> _EXERCISE AIM_
Although the entries contain pictures, copy only their text, exactly as written.

> _THE DATA_
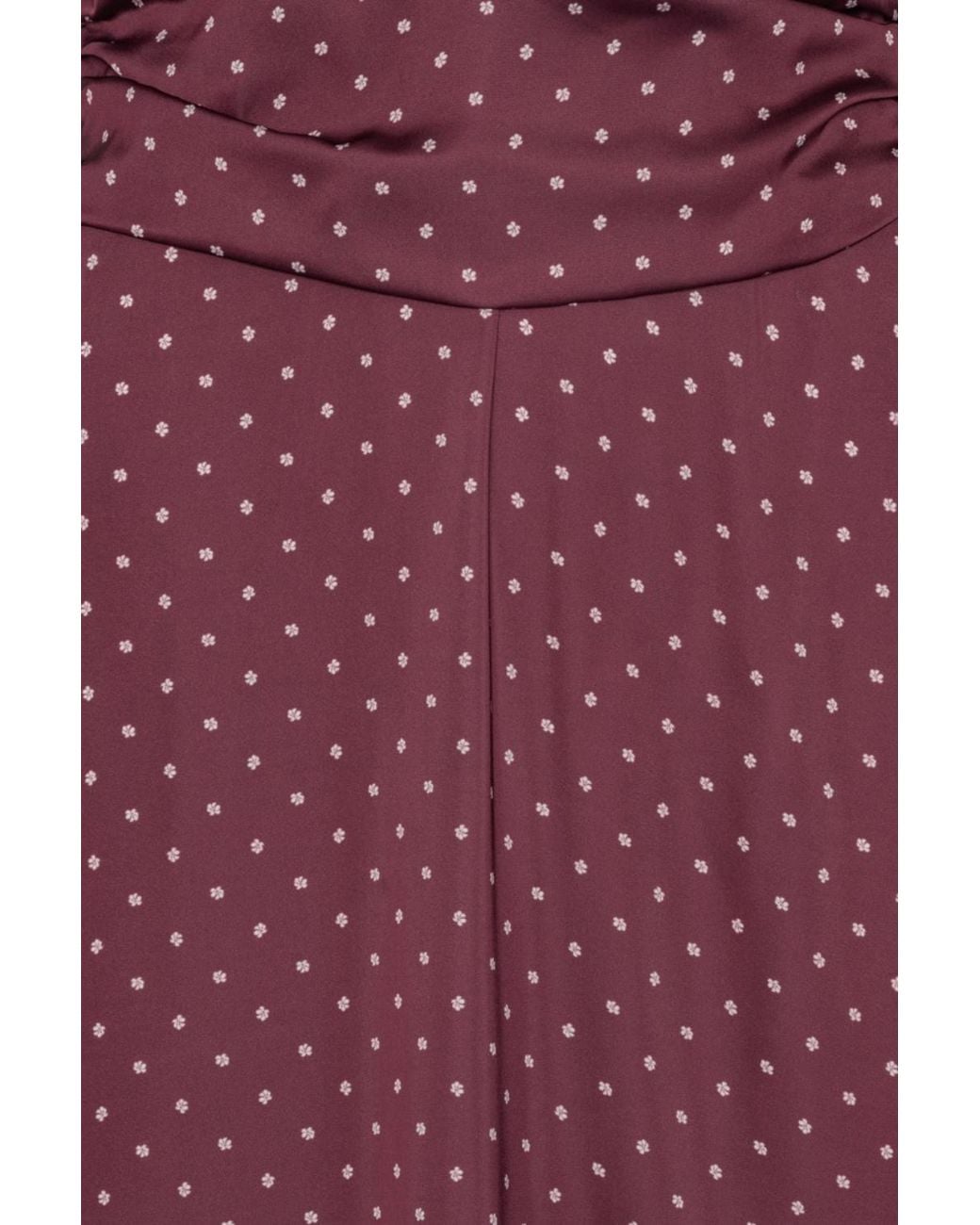 ROTATE BIRGER CHRISTENSEN Purple Dot Halterneck Scarf Dress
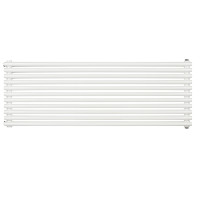 Дизайнерский горизонтальный радиатор отопления Betatherm Praktikum 1200x425x79 RAL 9016M White (PH 2120/11 9016M 34)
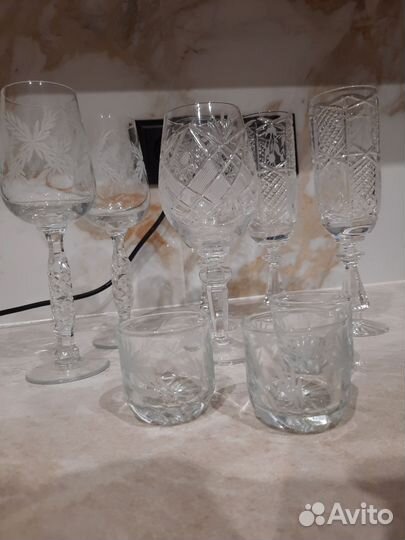 Хрустальные фужеры,бокалы,рюмки ССР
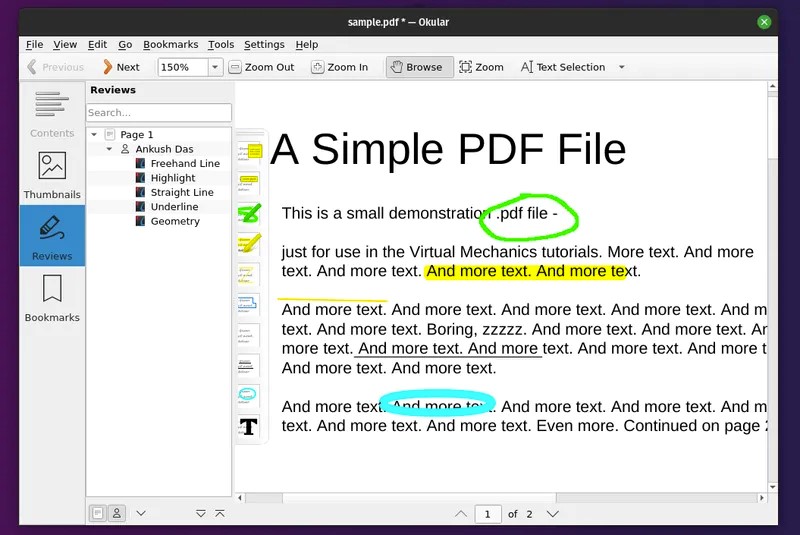 best pdf editor ubuntu okular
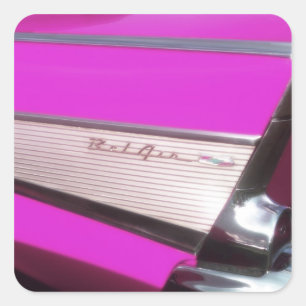 Klassisches Auto: Chevrolet-Bel Air Quadratischer Aufkleber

> _SOLUTION_
 ROTATE BIRGER CHRISTENSEN Purple Dot Halterneck Scarf Dress
 Дизайнерский горизонтальный радиатор отопления Betatherm Praktikum 1200x425x79 RAL 9016M White (PH 2120/11 9016M 34)
 Хрустальные фужеры,бокалы,рюмки ССР
 best pdf editor ubuntu okular
 Klassisches Auto: Chevrolet-Bel Air Quadratischer Aufkleber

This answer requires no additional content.